Les Vili seuls continuent à le décréter aux environs de
Pointe-Noire.
- Le Lélikage qui est une danse de séduction
réservée aux jeunes garçons et filles. Pendant les
vacances, les jeunes se retrouvaient au village ou dans les quartiers assez
reculés de la ville pour danser le Lélikage en pleine nature,
uniquement éclairés par la lune ; les chants et les percussions
entraînaient tout le monde dans ne transe frénétique ne
s'arrêtant qu'au petit matin
- La pratique du Nkondi représentée par des
statuettes chargées de significations magico religieuses ; elles sont le
pont entre le monde des vivants et celui des ancêtres.

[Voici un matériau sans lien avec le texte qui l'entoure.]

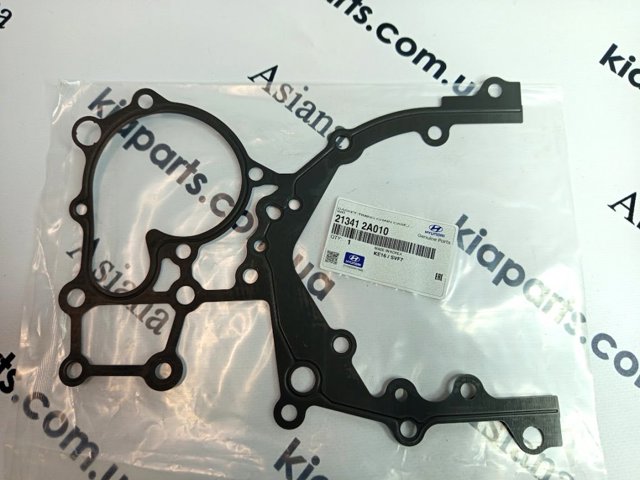 Прокладка передней крышки двигателя, нижняя 213412A010 HYUNDAI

Intermédiaires obligés entre les humains et les divinités
surnaturelles, entre la communauté et l'esprit des ancêtres. Ces
statuettes prennent le nom de "Nkondi", et doivent leur pouvoir à la
charge contenue dans le reliquaire à miroir par le Nganga
(féticheur).
- Le Tchinkhani, danse en l'honneur des jumeaux,
effectuée devant les autels sacrés de chaque tribu. Cette danse
sert de lien entre la nature et les jumeaux, qui sont considérés
comme un don ; elle doit empêcher l'esprit des jumeaux de quitter le
monde des humains. L'union de la femme et de l'homme est racontée sans
tabous à travers le chant et la danse6.
Le site de l'ancien port d'embarquement des esclaves à
Loango fait l'objet d'une protection par l'Etat et le ministère de la
culture y a installé un gestionnaire du site.